The bad weather the country has been having will always get people needing diy products,therefore Wix should benefit.
There might be. Obviously depends on how they see best interest, and their visibility on forward cash.
Whatever happens, there’s good opportunity for capital growth alongside returns. I believe.
Culpepper my first buy was £1.55 but brought 4 times as many at £1.29 so into the blue. You know I'm really bullish on this one.
Cash position at 31st Dec will be interesting. I think there could be a case for a special.
Even without it with inflation at 3.9% and falling the yield looks good.
I'm holding
It’s a slow process, but that’s alright. Geared only at increasing eps. More shares cancelled, more earnings for each of those remaining.
As per RNS.
We had conversation about that earlier on this page. I can’t add to that.
They are making enough to invest in the future, tech, new and upgraded stores, as well as making returns to shareholders through normal dividend. And now additional returns.
I see that continuing. And I guess by future buy-back programmes, having satisfied dividend.
Shares will prove to be cheap as economy improves. Buying them back now is efficient and effective.
How long do management allow share buybacks to continue.
Https://www.moreaboutadvertising.com/2023/12/st-lukes-wins-diy-and-kitchens-retailer-wickes/
And they’ll benefit from the divi too, with greater ongoing yield having bought low, and returns to shareholders being slowly helped by buy-back. Assuming we all don’t go to hell in a handcart, no DIY and building work required, dwhich hasn’t so far proved to be the case.
I think the blurb indicates they’re thinking longer term UK equity. Buying in anticipation of reversal whilst prices are depressed.
One has to remember that Wickes is principally a retailer which means that if they are carefully watching their margins, they will be adding to their cash balance day after day. They do have some borrowings but it looks as though they are steadily reducing that as well as doing the buy backs. With good management this business will look a whole lot healthier in another 2 - 3 years IMO, which could be the reason for Chelverton's interest.

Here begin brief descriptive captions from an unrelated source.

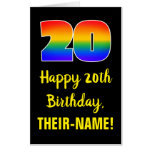 [ Thumbnail: 20th Birthday: Fun, Colorful, Happy, Rainbow # 20 Card ]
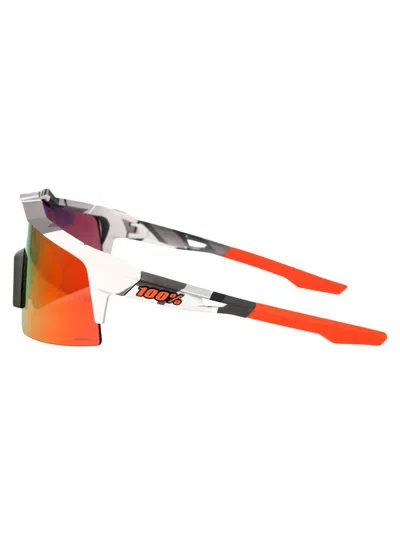 100% Sunglasses In Soft Tact Grey Camo - Hiper Red Multilayer Mirror Lens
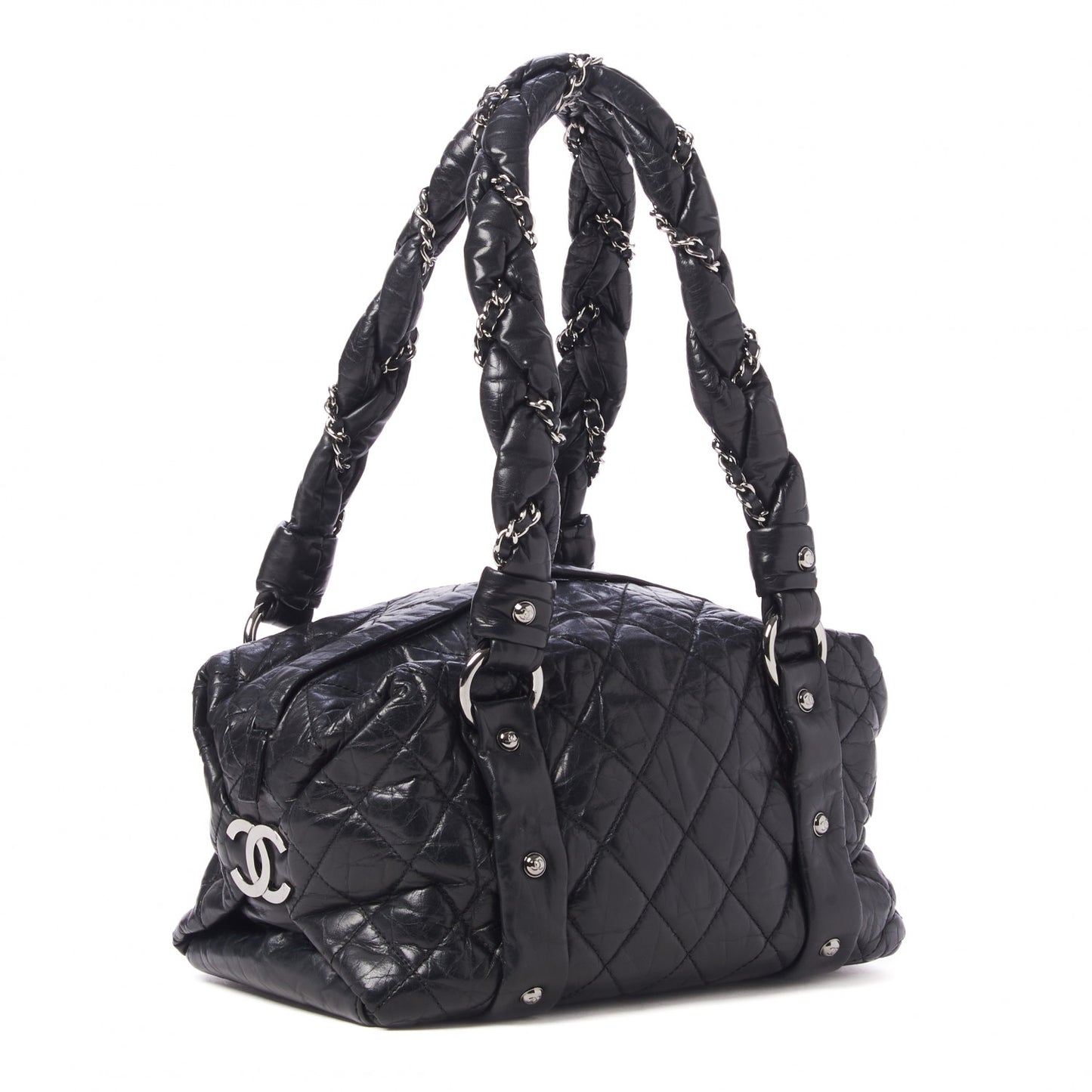 Distressed Lambskin Small Lady Braid Tote Black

Chelverton UK Dividend Trust PLC adding Wickes. Contains their general take on buybacks, takeovers, household spending power and confidence in their portfolio over time.
https://www.investegate.co.uk/announcement/rns/chelverton-uk-dividend-trust--sdv/half-year-report/7907567
My understanding is Chelverton Asset Management already holds 4.5%.

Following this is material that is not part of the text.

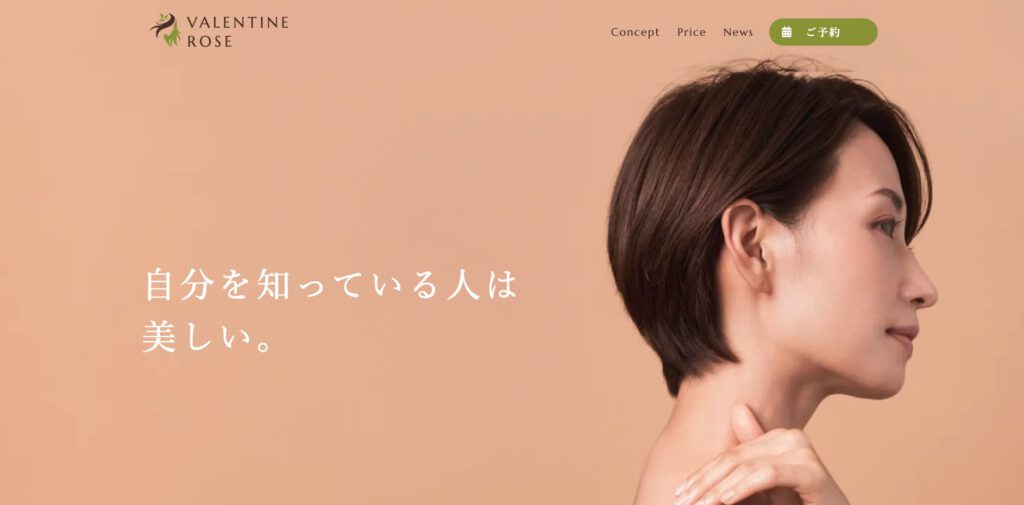 架空サロンサイトのファーストビュー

When I started I made a quick £17k. Took it, bought back in later.
It’s very mixed. Frankly, I was too early into it as an investment. I have traded some, averaged down, etc., etc.
But I’m on the losing side with it now.
Have to be content with dividend, which is doing sufficient of a job for me whilst we all wait for an upturn in the UK economy. That’s OK for me.
At the beginning, nobody was posting on this as I recall. So I decided to. In posting, I have picked on just one or two of several to post on. Bit of a useless pastime really, but something I do to keep the marbles rolling.
Culpepper - if you dont mind me asking. What's the story behind your investment ? You've been here for a while. I'm sold on the fundamentals but have called a lot wrong. Let's hope I'm not a jinx
Thank Culpepper - the authority is until 1st Feb so would expect this to be fully completed.
So after £12.5m has been spent, I expect to see a RNS before moving on with the remainder of the current programme.
They call the first tranche for £12.5m of the £25m buyback programme, the ‘initial programme.’
It appears that the intention was to issue a further RNS to announce when they go beyond that.
https://www.investegate.co.uk/announcement/rns/wickes-group--wix/share-buyback-programme/7661768
Buy back should hit 2% of shares by end of today.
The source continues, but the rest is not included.